Le nouveau bâtiment(2) est "un outil beaucoup plus adapté, d’un point de vue fonctionnel et écologique aussi en évitant des aller-retour permanents de nos camions sur les routes", relève Géraud Brunhes, tout autant attaché au tunnel de Cournil (La Chapelle- d’Alagnon) dont l’ambiance et la flore d’affinage spécifiques permettent à des fourmes d’exception de se révéler.
Géraud Brunhes a rejoint l’entreprise en 2018 pour en reprendre progressivement les rênes. "Marcel Charrade (décédé en février 2020, NDLR) souhaitait transmettre son entreprise à un indépendant, à quelqu’un du coin pour perpétuer l’état d’esprit et la philosophie de l’entreprise", poursuit le dirigeant, qui correspondait en tous points à ce profil. Avec un arrière-grand- père lui-même fabricant de fromages, une exploitation familiale bovine, "c’est un milieu que j’aime bien, le fromage, c’est quelque chose qui m’a toujours parlé", confie Géraud Brunhes, pour qui Marcel Charrade a également toujours fait figure d’exemple, "comme tous ces gens partis de rien et qui ont bien réussi".
Marcel Charrade comme mentor
Une trajectoire d’autodidacte qu’il a lui-même cherché à reproduire : il y a sept ans, il achète une petite camionnette et le voilà parti sur les routes en quête de pièces fromagères de qualité auprès de producteurs fermiers. La petite entreprise s’étoffe mais son créateur garde toujours en tête et comme référence la maison Charrade : "J’ai tendu la perche à Marcel et au bout d’un moment, on s’est retrouvé...", relate celui qui partage une même vision du métier et surtout de la relation avec les fournisseurs de l’entreprise de découpe et affinage : "Une entreprise familiale qui entend le rester, très attachée à notre région, mais aussi à la tradition" et au savoir-faire de coopératives et producteurs fermiers."
"On a la chance d’avoir deux coopératives - des fournisseurs historiques que sont les coops de Paulhac et Neuvéglise -, et des producteurs fermiers (une cinquantaine) qui font du super boulot, qui sont sur la même longueur d’ondes que nous, c’est-à-dire la qualité, et avec lesquels on entretient des relations directes, on est attaché à la poignée de main", affiche le trentenaire.

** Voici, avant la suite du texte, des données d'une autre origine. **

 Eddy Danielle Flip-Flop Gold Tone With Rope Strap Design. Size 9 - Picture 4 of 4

Les deux coopératives de la Planèze fournissent une grande partie des plus de 1 000 tonnes de cantal affinées à Neussargues. L’affineur travaille également avec une cinquantaine de producteurs de cantal, salers et saint-nectaire fermiers des vallées de la Cère, de la Jordanne, du Nord-Cantal jusqu’à Égliseneuve d’Entraygues (63) et la société Charrade peut se prévaloir d’être leader sur les marchés du salers et du cantal fermier, une filière "qu’on essaie de tirer car elle permet aux producteurs de salers d’avoir un revenu un peu plus conséquent en hiver tout en répondant à une vraie demande du public".
Croissance maîtrisée
Les AOP d’Auvergne représentent près de la moitié des 5 000 tonnes de fromages et produits laitiers commercialisés annuellement. La gamme comprend quelque
1 500 références : des appellations fromagères des Savoie, du Jura, de Normandie, des chèvres des Charente, de la crèmerie...

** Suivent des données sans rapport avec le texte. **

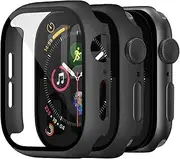 Witzon 2 Pack Hard Case Designed for Apple Watch Screen Protector Case 45mm Series 9 8 7 iWatch Cover, Hard PC Edge Bumper Cases Full Coverage Touch Sensitive Protective Screen Covers, Black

"On continue à avoir une croissance, mais une croissance maîtrisée: avec la volonté toujours d’évoluer même si on n’a pas vocation à doubler nos volumes, on ne veut pas faire n’importe quoi. Notre credo, c’est la qualité les produits à l’ancienne", insiste le dirigeant. Ici, les fromages continuent ainsi d’être frottés à la main par des cavistes et non confiés à des robots...

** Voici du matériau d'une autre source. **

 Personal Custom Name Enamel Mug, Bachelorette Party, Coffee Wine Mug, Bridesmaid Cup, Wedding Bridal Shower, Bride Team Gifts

Pas question de robot non plus dans la future boutique en cours de construction à une centaine de mètres de la nouvelle unité, surplombant la RN122. Ce magasin, qui assurera une visibilité accrue à l’affineur, devrait être livré dans quelques semaines, d’ici début mai, avec, à la clé, quatre emplois créés.
(1) Qui compte une soixantaine de salariés.
(2) Investissement de 3 M€.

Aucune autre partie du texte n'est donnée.